As we think about how science and its methods work, we realize, as Nicholas Maxwell has stressed many times, that it contains one more implicit assumption. This second assumption is that human minds can figure out the laws of this difficult and confusing place; that is, that we’re not kidding ourselves about how smart we are. All the evidence of the history of Science, and of humanity more generally, suggests that we can figure those laws out. 

Therefore, I choose to gamble again, this time on the power of human minds, sometimes alone and sometimes in cooperation with other minds, to see through the layers of irrelevant, trivial events and to spot the patterns that underlie their larger movements. Then we can test and revise and gradually arrive at models and natural law statements that really do explain the world, and so we gradually come to master the knowledge that empowers us to design—and engage in—focused, strategic actions that get survival-favoring results.

Again, the majority of the citizens of the West see this choice-gamble as the only rational one to take. The alternative to believing in the power of human minds, individually or in cooperating groups, to figure out the laws underlying reality is to abandon reason in favor of beliefs founded on something other than observable, replicable, material facts. 

Once again, we have the evidence of centuries of human history to look back on. All the evidence we have about what life was like for the superstitious, cowed tribes of the past suggests that their lives were—as Hobbes puts it—nasty, brutish, and short. People who were willing to think, analyze, experiment, and learn made this society that we enjoy today; even the majority of Luddite cynics who claim to despise modernity won’t go two days without a shower.
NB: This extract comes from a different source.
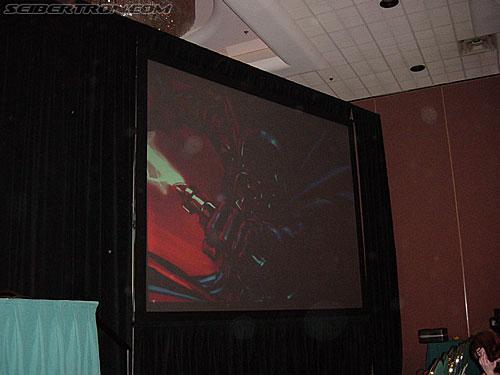 Wizard World 2004 - Transformers Event: My only pic in the Lucas Films / Star Wars panel before they told us to NOT take pictures. I listened this time. :)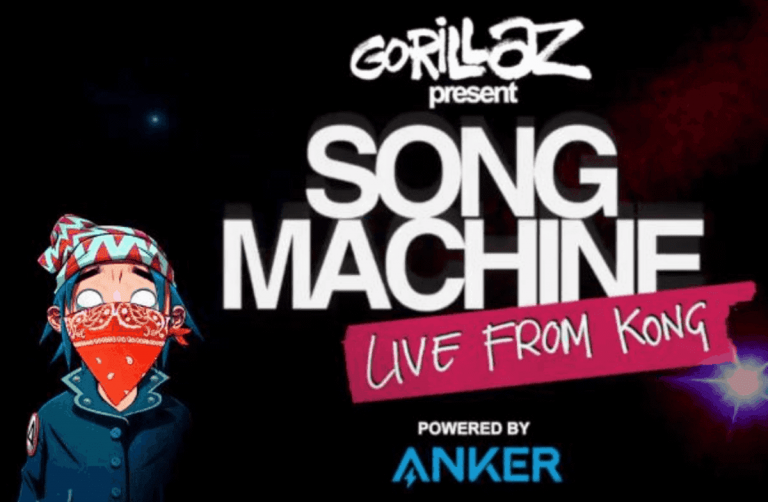 'Song Machine Live From Kong' el regalo de Navidad de Gorillaz para sus fans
                                   

                                                         1812 engraving of (purportedly) Ned Ludd 


My first point or conscious realization on the road to the theistic view, then, is that these beliefs in the consistency of the laws of the universe and in the power of the human mind to figure them out, when added together, amount to a kind of faith. To atheists and skeptics, this belief system can’t properly be called a “faith” at all. It certainly doesn’t lead them to a belief in God. It simply enables atheists and theists alike to keep doing science and to share ideas about science with anyone else who is interested. It does not entail more than that, the atheists say.